I've historically used the WKInterfaceController's property called "crownSequencer" to listen to rotations in the crown (see code below). I can grab the "rotationalValue" of the crown's rotation with the function 'crownDidRotate' as shown below.
import WatchKit
import Foundation
class InterfaceController: WKInterfaceController {
override func awake(withContext context: Any?) {
// Configure interface objects here.
}
override func willActivate() {
// This method is called when watch view controller is about to be visible to user
}
override func didAppear() {
super.didAppear()
crownSequencer.delegate = self
crownSequencer.focus()
}
override func didDeactivate() {
// This method is called when watch view controller is no longer visible
}
}
extension InterfaceController : WKCrownDelegate {
func crownDidRotate(_ crownSequencer: WKCrownSequencer?, rotationalDelta: Double) {
print(rotationalDelta)
}
}
In SwiftUI, I can instead use the following code to listen to the crown within a View:
import SwiftUI
import SpriteKit
struct GameView: View {
@State var scrollAmount: Float = 0.0
// ...other code to initialise variables used
var body: some View {
SpriteView(scene: skScene!)
.focusable(true)
.digitalCrownRotation($scrollAmount, from: -70, through: 70, by: 0.1, sensitivity: .high, isContinuous: false, isHapticFeedbackEnabled: false)

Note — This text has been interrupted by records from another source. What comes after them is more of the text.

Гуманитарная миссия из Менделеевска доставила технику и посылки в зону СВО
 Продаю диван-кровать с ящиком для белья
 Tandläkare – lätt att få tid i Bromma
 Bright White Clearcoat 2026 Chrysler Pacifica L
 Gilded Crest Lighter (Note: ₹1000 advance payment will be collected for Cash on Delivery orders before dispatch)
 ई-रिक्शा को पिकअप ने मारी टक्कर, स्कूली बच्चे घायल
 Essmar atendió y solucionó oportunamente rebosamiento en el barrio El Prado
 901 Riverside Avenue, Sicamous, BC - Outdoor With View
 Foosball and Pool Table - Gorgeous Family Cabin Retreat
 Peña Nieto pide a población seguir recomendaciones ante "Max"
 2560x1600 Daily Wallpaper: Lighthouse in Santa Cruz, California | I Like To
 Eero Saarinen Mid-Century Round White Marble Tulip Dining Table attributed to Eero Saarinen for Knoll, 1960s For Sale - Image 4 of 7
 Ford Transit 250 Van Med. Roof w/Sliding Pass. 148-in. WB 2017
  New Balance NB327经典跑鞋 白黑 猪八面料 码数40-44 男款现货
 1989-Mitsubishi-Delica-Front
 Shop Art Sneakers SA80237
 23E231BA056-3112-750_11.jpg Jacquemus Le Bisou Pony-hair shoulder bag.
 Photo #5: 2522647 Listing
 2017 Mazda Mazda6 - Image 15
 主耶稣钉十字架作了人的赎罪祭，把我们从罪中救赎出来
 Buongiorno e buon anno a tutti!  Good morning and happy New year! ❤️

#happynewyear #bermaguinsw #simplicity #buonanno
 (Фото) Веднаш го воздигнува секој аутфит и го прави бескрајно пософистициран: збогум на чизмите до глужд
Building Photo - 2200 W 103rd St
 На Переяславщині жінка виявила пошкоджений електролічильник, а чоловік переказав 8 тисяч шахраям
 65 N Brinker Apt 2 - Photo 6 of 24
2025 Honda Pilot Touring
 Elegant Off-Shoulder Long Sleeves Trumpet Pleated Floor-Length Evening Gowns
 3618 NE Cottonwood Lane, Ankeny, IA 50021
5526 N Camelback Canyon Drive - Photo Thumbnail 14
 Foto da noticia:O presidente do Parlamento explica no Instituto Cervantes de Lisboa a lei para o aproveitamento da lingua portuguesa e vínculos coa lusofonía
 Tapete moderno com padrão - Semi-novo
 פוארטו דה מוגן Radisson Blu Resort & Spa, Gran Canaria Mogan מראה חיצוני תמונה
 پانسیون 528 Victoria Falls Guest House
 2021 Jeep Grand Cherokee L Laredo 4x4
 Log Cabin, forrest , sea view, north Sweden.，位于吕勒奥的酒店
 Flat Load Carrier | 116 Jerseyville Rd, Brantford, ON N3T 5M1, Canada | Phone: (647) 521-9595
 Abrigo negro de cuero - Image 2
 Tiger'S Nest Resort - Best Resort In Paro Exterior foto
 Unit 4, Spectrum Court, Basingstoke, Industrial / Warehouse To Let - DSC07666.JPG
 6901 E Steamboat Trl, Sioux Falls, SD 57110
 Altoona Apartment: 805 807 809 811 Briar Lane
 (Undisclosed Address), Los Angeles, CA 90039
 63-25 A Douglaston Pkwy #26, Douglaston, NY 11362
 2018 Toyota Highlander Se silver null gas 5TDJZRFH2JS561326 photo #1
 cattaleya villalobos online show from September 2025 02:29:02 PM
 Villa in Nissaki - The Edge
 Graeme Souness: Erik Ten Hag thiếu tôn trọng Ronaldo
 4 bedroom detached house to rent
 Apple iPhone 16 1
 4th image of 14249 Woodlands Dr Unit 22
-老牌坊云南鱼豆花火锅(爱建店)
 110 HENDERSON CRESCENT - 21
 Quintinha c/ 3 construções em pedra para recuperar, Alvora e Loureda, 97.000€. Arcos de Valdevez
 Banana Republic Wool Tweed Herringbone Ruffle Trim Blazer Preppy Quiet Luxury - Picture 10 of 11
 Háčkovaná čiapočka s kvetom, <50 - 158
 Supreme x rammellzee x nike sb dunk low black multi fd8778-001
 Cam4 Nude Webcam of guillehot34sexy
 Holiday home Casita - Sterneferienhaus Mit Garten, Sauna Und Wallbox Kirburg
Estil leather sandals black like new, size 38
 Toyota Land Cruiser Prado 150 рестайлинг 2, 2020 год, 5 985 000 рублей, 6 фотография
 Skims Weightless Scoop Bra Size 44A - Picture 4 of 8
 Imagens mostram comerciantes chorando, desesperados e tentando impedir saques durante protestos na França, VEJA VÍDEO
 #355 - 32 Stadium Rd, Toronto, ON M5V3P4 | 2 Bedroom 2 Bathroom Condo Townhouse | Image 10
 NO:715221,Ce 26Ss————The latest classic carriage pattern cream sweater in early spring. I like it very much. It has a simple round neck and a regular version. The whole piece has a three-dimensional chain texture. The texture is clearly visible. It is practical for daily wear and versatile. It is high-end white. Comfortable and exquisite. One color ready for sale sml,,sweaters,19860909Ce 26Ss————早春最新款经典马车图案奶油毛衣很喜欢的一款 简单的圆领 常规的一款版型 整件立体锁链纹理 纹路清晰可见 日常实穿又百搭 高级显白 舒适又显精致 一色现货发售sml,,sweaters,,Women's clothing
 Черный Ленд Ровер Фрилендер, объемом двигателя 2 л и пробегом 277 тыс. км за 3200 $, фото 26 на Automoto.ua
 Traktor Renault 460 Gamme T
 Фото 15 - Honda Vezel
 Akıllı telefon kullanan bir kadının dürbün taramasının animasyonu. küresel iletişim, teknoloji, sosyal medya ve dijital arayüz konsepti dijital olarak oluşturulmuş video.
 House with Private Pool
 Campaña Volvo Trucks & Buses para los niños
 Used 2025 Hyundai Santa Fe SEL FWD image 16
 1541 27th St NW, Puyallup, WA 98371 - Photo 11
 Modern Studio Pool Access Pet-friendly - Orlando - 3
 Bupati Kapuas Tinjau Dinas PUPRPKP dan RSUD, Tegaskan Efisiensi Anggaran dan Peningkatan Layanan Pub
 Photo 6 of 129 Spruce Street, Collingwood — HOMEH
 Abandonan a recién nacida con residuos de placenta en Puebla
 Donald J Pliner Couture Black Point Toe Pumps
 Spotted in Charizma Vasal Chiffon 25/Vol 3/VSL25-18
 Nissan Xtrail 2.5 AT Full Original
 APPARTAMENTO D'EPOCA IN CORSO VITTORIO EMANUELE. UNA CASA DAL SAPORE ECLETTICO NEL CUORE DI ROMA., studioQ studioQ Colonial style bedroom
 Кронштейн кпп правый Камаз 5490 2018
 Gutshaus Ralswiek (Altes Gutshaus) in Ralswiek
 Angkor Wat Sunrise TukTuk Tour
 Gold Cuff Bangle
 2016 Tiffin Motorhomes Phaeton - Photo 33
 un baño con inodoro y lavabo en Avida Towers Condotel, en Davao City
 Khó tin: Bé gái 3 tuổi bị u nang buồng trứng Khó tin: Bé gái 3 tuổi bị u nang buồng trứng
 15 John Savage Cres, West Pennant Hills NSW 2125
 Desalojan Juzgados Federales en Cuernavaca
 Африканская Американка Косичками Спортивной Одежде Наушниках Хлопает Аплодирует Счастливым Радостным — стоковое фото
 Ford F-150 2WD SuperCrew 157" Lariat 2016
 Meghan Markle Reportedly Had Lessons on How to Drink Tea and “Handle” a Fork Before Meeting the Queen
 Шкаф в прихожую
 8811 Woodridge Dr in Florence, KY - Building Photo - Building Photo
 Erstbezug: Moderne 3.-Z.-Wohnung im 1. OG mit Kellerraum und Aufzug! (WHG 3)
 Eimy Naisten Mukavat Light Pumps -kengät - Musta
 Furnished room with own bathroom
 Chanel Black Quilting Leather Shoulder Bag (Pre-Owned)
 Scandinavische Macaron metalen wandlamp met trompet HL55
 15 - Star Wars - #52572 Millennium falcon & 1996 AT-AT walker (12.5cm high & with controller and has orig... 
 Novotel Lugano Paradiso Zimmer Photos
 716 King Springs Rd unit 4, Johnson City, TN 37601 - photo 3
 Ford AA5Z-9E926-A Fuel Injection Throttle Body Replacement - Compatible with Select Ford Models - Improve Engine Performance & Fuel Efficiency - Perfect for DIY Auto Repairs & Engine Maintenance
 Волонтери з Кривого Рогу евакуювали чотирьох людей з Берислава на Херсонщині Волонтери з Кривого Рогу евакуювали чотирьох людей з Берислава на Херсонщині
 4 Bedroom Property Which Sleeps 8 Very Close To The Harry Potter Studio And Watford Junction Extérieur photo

.onChange(of: scrollAmount) { newValue in
//function )
}
}
This code listens to rotations and binds the "scrollAmount" to a state variable.
However, I can't seem to grab an equivalent of the "rotationalDelta" from the original crownSequencer methodology. Is there a way to grab a "rotationalDelta" in SwiftUI (i.e, grab the change in rotation as opposed to the scrollAmount, which reflects the current level of rotation).